SAN FRANCISCO – California manufacturers produce more gross domestic product (GDP) for every dollar spent on electricity than manufacturers in any other state except Connecticut. That’s according to Next 10’s California’s Manufacturing and Benefits of Energy Efficiency, a new issue brief prepared by Collaborative Economics, which also finds that California’s manufacturing GDP grew faster than the U.S. as a whole over the last decade.
“Energy policies that promote efficiency and reduce energy bills are contributing to the state’s manufacturing success,” said F. Noel Perry, businessman and founder of the nonprofit nonpartisan Next 10. “Even with the most aggressive carbon pollution reduction policies in the nation, California remains the top state for manufacturing.”
The issue brief, which uses data released this year from the 2012 U.S. Economic Census, finds manufacturers generate $59 in state GDP for every dollar spent on electricity, compared to $38 for the rest of the nation. And California continues to generate the most manufacturing output, jobs and exports of any state in the United States.
“If you look at overall energy productivity in this sector—which includes the cost of both electricity and purchased fuels used to produce heat or power—California ranks sixth in the country,” said Perry. “For every dollar spent on energy overall, California manufacturers produce $35 of GDP, compared to an average of $23 for the rest of the United States.”
From 2002 to 2012— a period when California passed and implemented pioneering climate and clean energy legislation—California’s average manufacturing electricity purchases fell from 1.3 percent to 0.9 percent of total operating costs. That was a larger improvement than in the rest of the country.

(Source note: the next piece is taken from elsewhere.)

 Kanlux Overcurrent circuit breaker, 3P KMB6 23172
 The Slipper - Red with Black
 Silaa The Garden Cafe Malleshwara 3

“Energy policies designed to drive efficiency improvements can help decrease energy bills and reduce electricity as a share of manufacturers’ total operating costs,” Perry said.
The brief also found that growth in manufacturing sector GDP in California has far outpaced the rest of the nation, with the state realizing a 15 percent increase over the last ten years. That is compared to a five percent increase, on average, for the rest of the U.S. Since the state’s manufacturing recession hit bottom in 2011, output rose faster in California than the rest of the U.S.
“California has achieved economic growth while becoming more efficient, and ranking among the least carbon intensive economies in the world. Clearly, economic prosperity and progressive energy policies can feed each other,” said Doug Henton, co-author of the brief as well as chairman and CEO of Collaborative Economics.
According to the brief, energy costs are lower in states that embrace energy efficiency, like California. In fact, while average electricity rates in the state are higher than the national average, Californians on average spend less on total electricity bills than the rest of the nation, due to the state’s strong track record in energy efficiency. In 2013, California had the third lowest electricity bill in the nation as a percent of the total state economy. Additionally, California’s residential, industrial, and commercial average monthly bills stayed relatively stable between 2003 and 2013. In comparison, some states experienced large jumps in average monthly bills over the same time period, such as New York and Florida in the industrial sector (+78% and +35%, respectively) and Texas in the commercial sector (+25%). “These energy cost savings leave more money to be invested in other goods and services or capital upgrades, supporting growth in the state’s economy. Businesses have demonstrated they are able to successfully adapt to new energy regulations and improve efficiency, helping keep energy bills stable in the Golden State,” said Renae Steichen, co-author and clean economy practice manager for Collaborative Economics.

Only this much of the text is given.